I mentioned earlier that air bikes are pretty simple devices, so there aren’t a lot of features to discuss, but the AirBike Classic does come with the following features:
LCD console- the display on this bike is very basic: it’s small and isn’t backlit, so it’s a good idea to use it in well-lit rooms. It displays all the standard metrics you’d expect and it also measures watt output, which is nice. It’s very easy to use, so if you’re looking for a console that isn’t overly complicated, its simplicity could be a benefit.
7 workout programs- there aren’t a ton of preprogrammed workouts included, but the Classic does come with 7 workout options to choose from. These include 3 interval options, and 4 goal oriented workouts (including a heart rate option).
Heart rate monitoring- the console on the Classic is compatible with Polar strap heart rate monitors, although one isn’t included with purchase.
Fully adjustable seat- you can adjust both the height and horizontal (fore/aft) position of the seat, making it easy to find a comfortable riding position.
Standard pedals- this bike comes with standard pedals that are compatible with sneakers or any other shoe you’d wanna wear during workouts. You could easily swap ’em out for SPD or any other cleat compatible pedal if you wanted to.
The Classic is also compatible with a wind guard that helps block the air from blowing in your face during workouts, but it’s sold separately.
Before we wrap this review up, I want to briefly discuss price.
I hesitate to quote a specific price because knowing my luck as soon as I publish it the price will change and my info won’t be accurate.
The AirBike’s prices have been pretty stable though, so I’m probably pretty safe here.
Anyway, if the price of this bike is a little different by the time you read this, I apologize.
At the time of writing this, the Assault AirBike Classic costs $749.
This is well under $1000, so I would consider this to be a fairly budget friendly exercise bike.
It’s certainly one of the more affordable air bikes out there and the cheapest of the “big 3” (Rogue Echo, AirDyne AD7, and Assault AirBike).
Personally, I think the Classic is priced very well considering its quality and reputation.
Ok, that’s about all I got regarding the AirBike Classic.
As I’ve mentioned before, this is a well-priced, high end air bike that’s been time tested by elite CrossFit athletes around the world.

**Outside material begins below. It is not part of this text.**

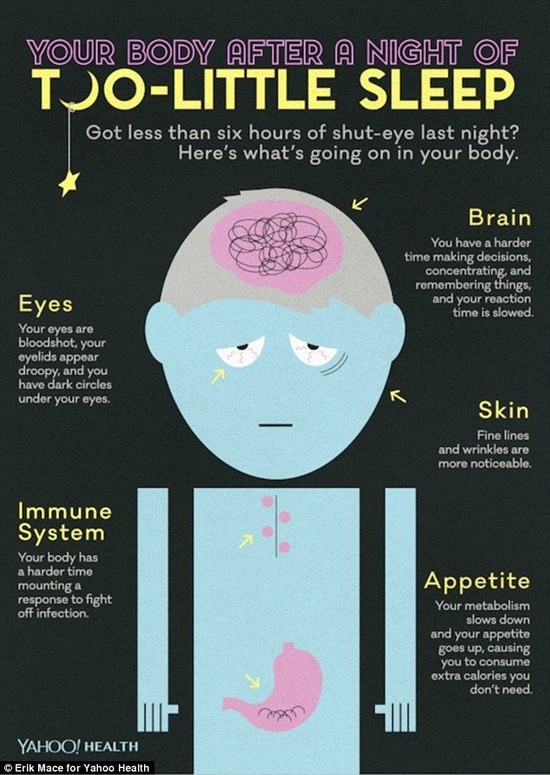 1000+ ideas about Sleep Deprivation Effects on Pinterest ...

It scores highly with its 27″ fan, solid frame, and good warranty.
The console is a bit basic and it would be nice if Assault included the fan shield with purchase, but otherwise I don’t have much to complain about here.
The Classic is also a bit lighter-duty than some of the other high-end air bikes out there, but I still think it’s more than enough bike for most of us.
Especially considering the Classic is more affordable than most of the other elite comps.
Overall, I think Assault AirBike Classic is still one of the best air bikes around and certainly a smart buy. Highly recommended.